Metadata-Version: 2.1
Name: pyctl
Version: 0.1.0
Summary: Python bindings for CTL
Home-page: https://github.com/phernst/pyctl
Author: Philipp Ernst
Author-email: philipp.ernst@ovgu.de
License: UNKNOWN
Description: # PyCTL - Python bindings for the Computed Tomography Library (CTL)
        
        A Python package for simple and interactive use of the [CTL](https://gitlab.com/tpfeiffe/ctl).
        
        Reference publication:  
        Tim Pfeiffer, Robert Frysch, Richard N. K. Bismark, and Georg Rose
        "CTL: modular open-source C++-library for CT-simulations",
        Proc. SPIE 11072,
        15th International Meeting on Fully Three-Dimensional Image Reconstruction in Radiology and Nuclear Medicine,
        110721L (28 May 2019);
        [doi:10.1117/12.2534517](https://doi.org/10.1117/12.2534517)
        
        # Simple installation
        Install via pip:
        ```
        pip install pyctl
        ```
        
        # Compiling from sources
        The following compilation guide has been tested on Windows 10 with MSVC 2019, CUDA 10.1, Python>=3.6.
        
        ## On Windows
        * Install [MS Visual Studio Build Tools](https://visualstudio.microsoft.com/downloads/) with Windows SDK.

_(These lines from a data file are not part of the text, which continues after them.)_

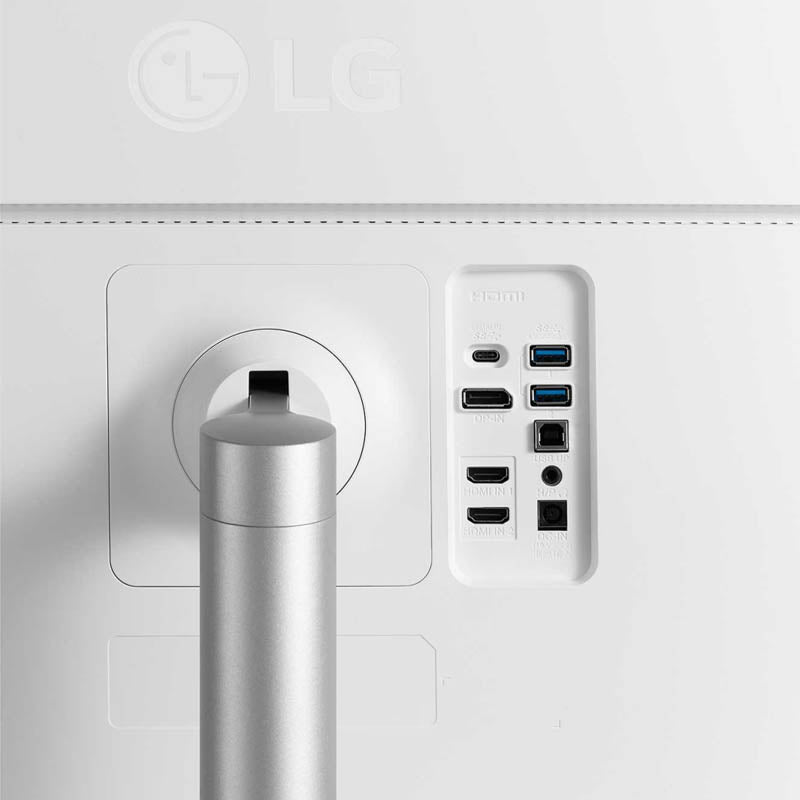LG 34WK95C-W 34" Ultrawide monitor white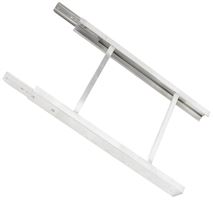 Ljestve-nastavak 200/250kg 1m s maticama kpl GEDA Lift 200/250, ZG2889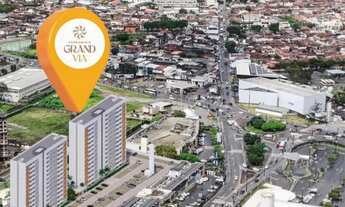 Imagem: Grand Via. Com área de lazer, localização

        * Install [CMake](https://cmake.org/download/). Make sure the `PATH` environment variable is set accordingly.
        * Install [Git](https://git-scm.com/). Clone this repository.
        * Install [Qt](https://www.qt.io/)>=5.12. During installation, you need to set at least:
            * Prebuilt components for MSVC 64-bit. Make sure the `PATH` environment variable is set accordingly
              (e.g. `C:\Qt\5.14.1\msvc2017_64\bin`). Make sure the `CMAKE_PREFIX_PATH` environment variable
              is set accordingly (e.g. `C:\Qt\5.14.1\msvc2017_64\lib\cmake\Qt5`).
            * Qt Charts
            * Sources
        * Install OpenCL 1.1/1.2:
            * Install latest NVIDIA driver.
            * Install [CUDA](https://developer.nvidia.com/cuda-downloads). Make sure the `CUDA_PATH` and
              `PATH` environment variable are set accordingly.
        * Install Python 3 + pip. Recommended: use a virtual [conda environment](https://www.anaconda.com/).
        * `cd` into the cloned PyCTL directory and run `pip install .`
        
        ## On Linux (not tested)
        * Install build tools: `sudo apt install build-essential`
        * Install CMake: `sudo apt install cmake`.
        * Install Git: `sudo apt install git`. Clone this repository.
        * Install Qt: `sudo apt install qt5-default qt3d5-dev libqt5charts5-dev`
        * Install OpenCL 1.1/1.2:
            * Install official NVIDIA driver using Driver Manager --> reboot
            * Install NVIDIA OpenCL development package: `sudo apt install nvidia-opencl-dev`
            * Install OpenCL headers: `sudo apt install opencl-headers`
        * Install Python 3: `sudo apt install python3`. Recommended: use a virtual environment.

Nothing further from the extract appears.